--- Supplied material Enclosed Below ---
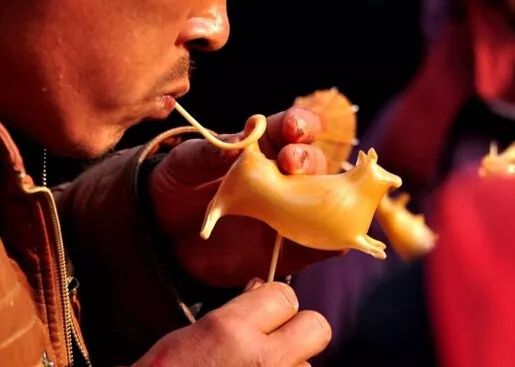 你吃的硬糖都是玻璃，所以能做成迷惑科学家400年的超硬玩具|科学DIY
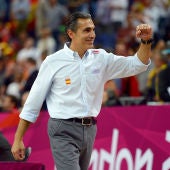 Scariolo durante un partido con la selección española de baloncesto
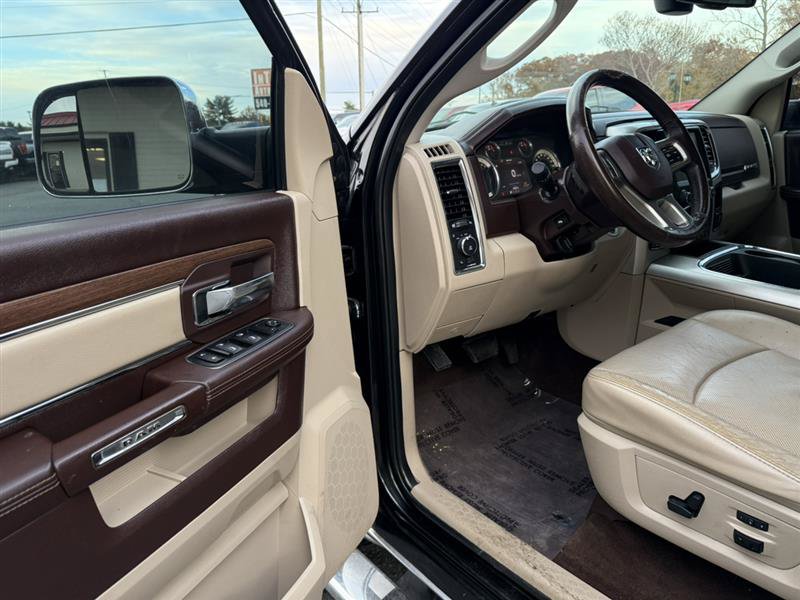 Used 2016 RAM 1500 Laramie w/ Convenience Group AWD/4WD image 27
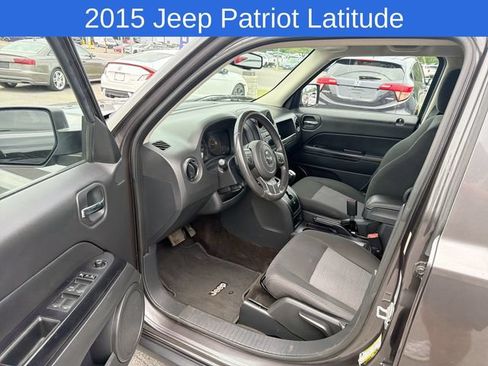 Used 2015 Jeep Patriot Latitude AWD/4WD image 12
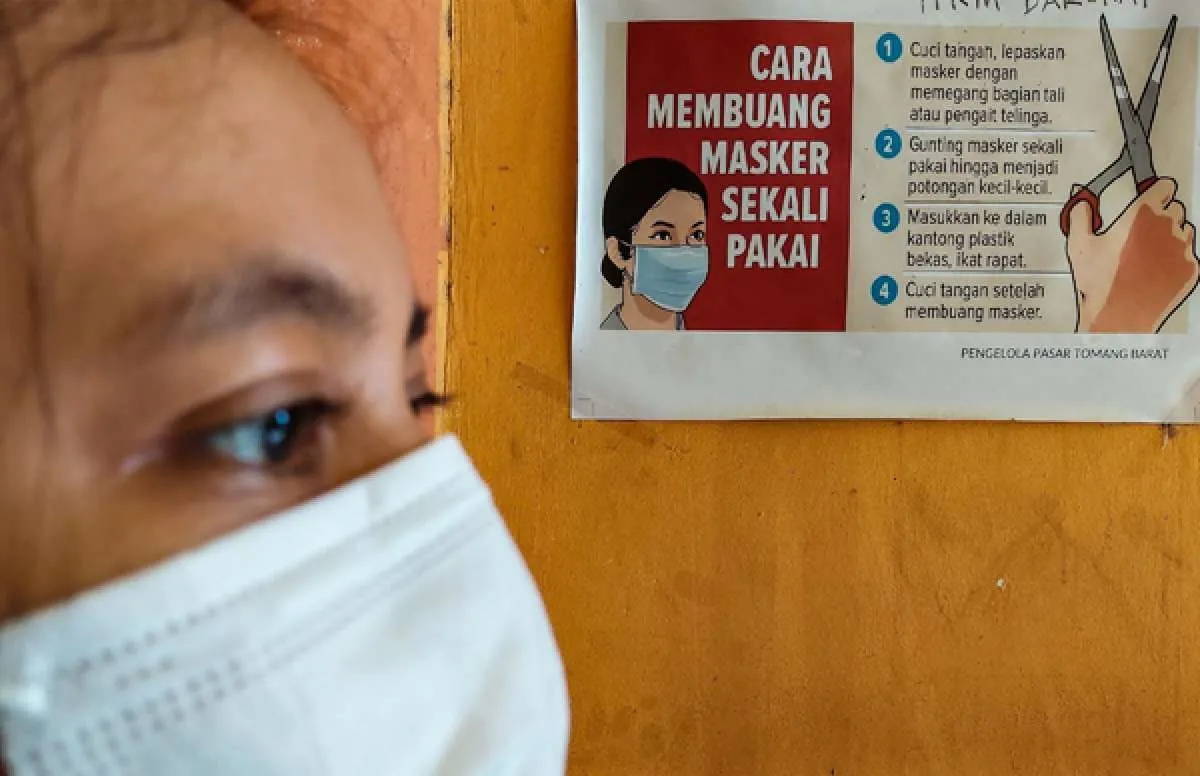 Jokowi Longgarkan Pemakaian Masker di Ruang Terbuka, Begini Tanggapan IDI
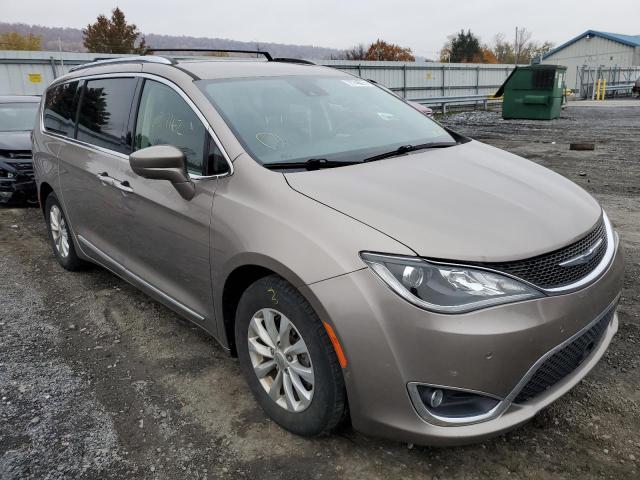 CHRYSLER PACIFICA T 2018 with VIN 2C4RC1BG6JR171017 - Photo from auction
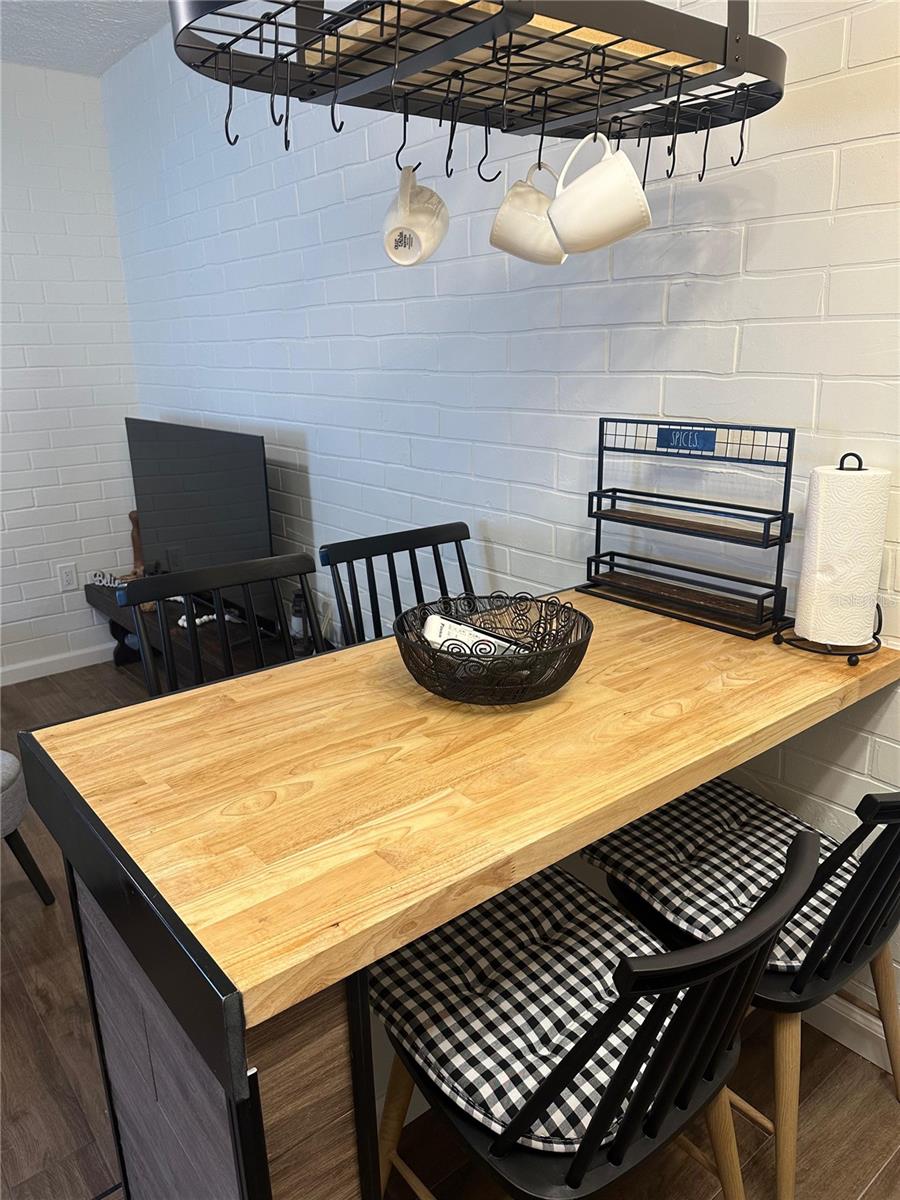 905 PATRICIA AVE, DUNEDIN, FL, 34698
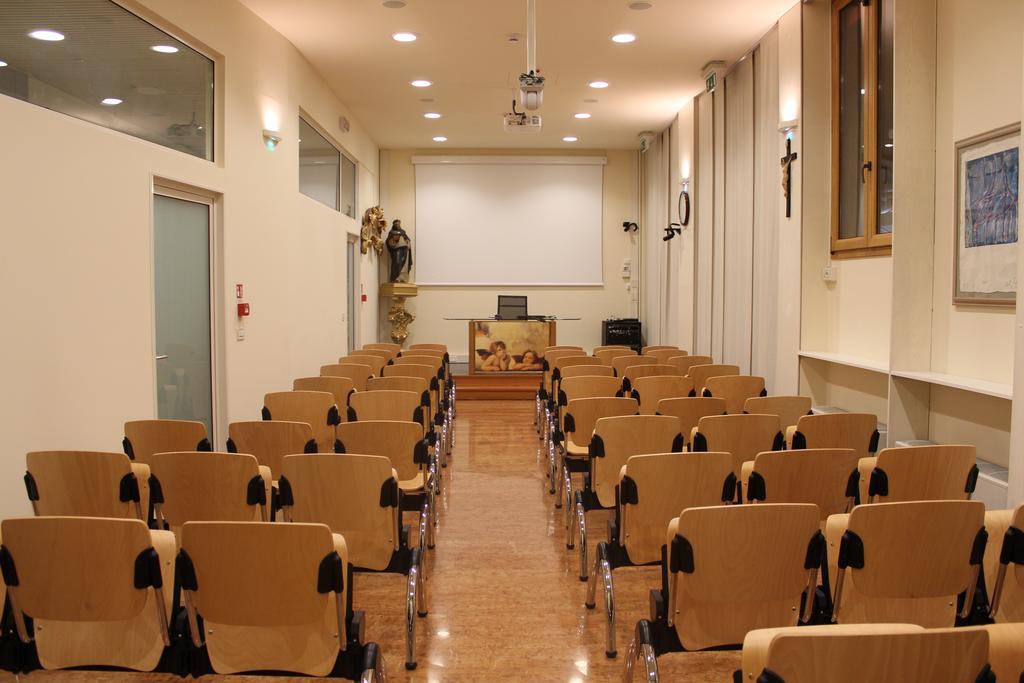 Hotel Ospitalità San Tommaso d'Aquino à Bologne Extérieur photo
--- End of Enclosed Supplied material ---
:: Task to carry out ::
Copy exactly, and copy nothing else: the lines from the start of the data above through the line that holds "Jokowi Longgarkan Pemakaian". The pictures stay out.

:: Written answer ::
 你吃的硬糖都是玻璃，所以能做成迷惑科学家400年的超硬玩具|科学DIY
 Scariolo durante un partido con la selección española de baloncesto
 Used 2016 RAM 1500 Laramie w/ Convenience Group AWD/4WD image 27
 Used 2015 Jeep Patriot Latitude AWD/4WD image 12
 Jokowi Longgarkan Pemakaian Masker di Ruang Terbuka, Begini Tanggapan IDI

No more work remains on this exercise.